You may have noticed that the histograms of the Poisson distributions in this section don't look very different from histograms of the binomial distribution when the success probability $p$ is small. Indeed, one way in which the Poisson distribution arises in practice is as an approximation to a binomial distribution that has a large $n$ and a small $p$.

Let $X$ have the binomial $(n, p)$ distribution where $n$ is large and $p$ is small. Let $\mu = np$. We saw in the previous section that

$$ P(X = 0) ~ = ~ (1-p)^n ~ \approx ~ e^{-\mu} ~ = ~ e^{-\mu} \frac{\mu^0}{0!} $$

which is the Poisson $(\mu)$ probability of 0 successes.

Next,

$$ \begin{align*} P(X = 1) ~ = ~ \binom{n}{1}p(1-p)^{n-1} ~ &= ~ np\frac{(1-p)^n}{1-p} \\ &\approx ~ \mu e^{-\mu} ~ = ~ e^{-\mu} \frac{\mu^1}{1!} \end{align*} $$

which is the Poisson $(\mu)$ probability of 1 success.

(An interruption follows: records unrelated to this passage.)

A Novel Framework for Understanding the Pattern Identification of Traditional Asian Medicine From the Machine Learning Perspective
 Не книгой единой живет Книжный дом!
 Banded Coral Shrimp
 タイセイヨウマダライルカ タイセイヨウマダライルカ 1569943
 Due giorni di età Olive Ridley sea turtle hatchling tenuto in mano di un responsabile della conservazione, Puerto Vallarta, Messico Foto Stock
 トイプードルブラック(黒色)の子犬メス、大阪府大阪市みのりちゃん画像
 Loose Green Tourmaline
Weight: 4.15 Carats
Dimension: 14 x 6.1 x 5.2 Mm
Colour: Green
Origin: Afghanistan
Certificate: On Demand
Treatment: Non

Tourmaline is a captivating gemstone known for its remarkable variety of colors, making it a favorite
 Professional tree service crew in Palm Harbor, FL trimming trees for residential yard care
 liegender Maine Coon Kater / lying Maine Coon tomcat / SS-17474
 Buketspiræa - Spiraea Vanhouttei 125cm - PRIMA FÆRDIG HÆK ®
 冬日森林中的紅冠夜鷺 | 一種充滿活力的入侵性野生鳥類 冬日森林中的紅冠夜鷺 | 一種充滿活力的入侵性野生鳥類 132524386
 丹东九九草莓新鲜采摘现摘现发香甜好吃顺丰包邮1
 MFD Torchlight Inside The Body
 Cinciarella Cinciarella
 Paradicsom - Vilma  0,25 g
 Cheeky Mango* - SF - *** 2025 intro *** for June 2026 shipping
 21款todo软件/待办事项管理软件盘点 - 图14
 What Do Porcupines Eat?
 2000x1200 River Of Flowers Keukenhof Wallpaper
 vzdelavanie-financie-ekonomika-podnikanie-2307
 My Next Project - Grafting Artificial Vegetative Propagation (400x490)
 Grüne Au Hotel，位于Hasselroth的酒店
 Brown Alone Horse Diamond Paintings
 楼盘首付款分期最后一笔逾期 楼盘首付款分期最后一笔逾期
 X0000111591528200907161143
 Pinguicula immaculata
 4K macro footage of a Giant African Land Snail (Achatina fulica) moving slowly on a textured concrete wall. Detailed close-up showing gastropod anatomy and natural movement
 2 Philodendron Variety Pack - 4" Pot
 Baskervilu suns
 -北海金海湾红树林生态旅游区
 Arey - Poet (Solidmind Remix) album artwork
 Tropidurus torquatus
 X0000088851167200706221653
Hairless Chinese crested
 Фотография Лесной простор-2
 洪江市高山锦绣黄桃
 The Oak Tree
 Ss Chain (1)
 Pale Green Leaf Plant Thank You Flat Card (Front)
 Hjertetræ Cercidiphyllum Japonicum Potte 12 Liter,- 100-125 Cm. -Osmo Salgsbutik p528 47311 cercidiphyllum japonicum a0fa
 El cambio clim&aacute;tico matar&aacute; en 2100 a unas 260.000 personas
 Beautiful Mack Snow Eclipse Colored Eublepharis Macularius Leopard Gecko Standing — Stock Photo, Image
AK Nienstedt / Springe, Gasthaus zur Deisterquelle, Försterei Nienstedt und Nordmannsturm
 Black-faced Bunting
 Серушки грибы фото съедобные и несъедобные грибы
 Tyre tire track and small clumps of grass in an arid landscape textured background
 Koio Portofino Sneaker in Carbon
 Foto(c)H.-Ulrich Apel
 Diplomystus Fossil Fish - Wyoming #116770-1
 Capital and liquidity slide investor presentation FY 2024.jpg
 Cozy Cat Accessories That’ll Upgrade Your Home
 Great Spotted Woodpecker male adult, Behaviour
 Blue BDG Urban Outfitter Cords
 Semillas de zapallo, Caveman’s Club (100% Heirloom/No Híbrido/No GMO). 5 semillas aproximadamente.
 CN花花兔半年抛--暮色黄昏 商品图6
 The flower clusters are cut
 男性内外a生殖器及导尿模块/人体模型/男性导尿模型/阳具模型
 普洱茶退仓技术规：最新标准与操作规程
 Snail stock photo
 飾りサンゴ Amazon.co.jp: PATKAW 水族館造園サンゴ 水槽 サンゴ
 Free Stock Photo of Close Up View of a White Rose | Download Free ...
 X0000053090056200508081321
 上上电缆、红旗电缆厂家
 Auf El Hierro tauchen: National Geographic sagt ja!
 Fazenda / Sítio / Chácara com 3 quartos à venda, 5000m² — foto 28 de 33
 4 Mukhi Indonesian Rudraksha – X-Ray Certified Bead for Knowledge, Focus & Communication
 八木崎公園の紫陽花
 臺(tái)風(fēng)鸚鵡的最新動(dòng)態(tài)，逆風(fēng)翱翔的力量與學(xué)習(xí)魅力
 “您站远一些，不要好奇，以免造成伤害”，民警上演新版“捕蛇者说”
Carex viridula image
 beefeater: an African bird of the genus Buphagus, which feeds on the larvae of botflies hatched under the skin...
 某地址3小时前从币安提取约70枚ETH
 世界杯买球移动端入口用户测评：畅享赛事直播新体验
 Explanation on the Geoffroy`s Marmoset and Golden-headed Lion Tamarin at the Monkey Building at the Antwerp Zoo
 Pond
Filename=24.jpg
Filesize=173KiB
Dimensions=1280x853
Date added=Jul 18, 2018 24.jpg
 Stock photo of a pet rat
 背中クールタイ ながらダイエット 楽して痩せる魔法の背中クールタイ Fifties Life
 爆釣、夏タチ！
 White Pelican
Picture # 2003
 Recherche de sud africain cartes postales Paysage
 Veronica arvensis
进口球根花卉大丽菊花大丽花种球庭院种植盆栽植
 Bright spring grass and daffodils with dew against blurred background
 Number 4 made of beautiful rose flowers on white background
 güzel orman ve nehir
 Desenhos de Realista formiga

By continuing in this way, with some care in the algebra and the limits, it can be shown that each binomial term is approximated by the corresponding Poisson term.

Thus **when $n$ is large and $p$ is small, the binomial $(n, p)$ distribution is well approximated by the Poisson $(\mu)$ distribution where $\mu = np$.**

This is called the *law of small numbers* and is one of the main reasons the Poisson distribution is a good model for counting rare events.

The graph below shows overlaid histograms of the binomial $(100, 1/100)$ and Poisson $(1)$ distributions. Does it look as though you can see only one histogram? That's because the Poisson approximation is excellent!

Suppose you run $n$ independent, identically distributed success/failure trials with chance $1/n$ of success on any given trial. Let $X$ be the number of successes.

Then $X$ has the binomial $(n, 1/n)$ distribution which is well approximated by the Poisson $(1)$ distribution when $n$ is large. If you increase $n$ still further, the distribution of $X$ won't change much. It will still look like the Poisson $(1)$ distribution.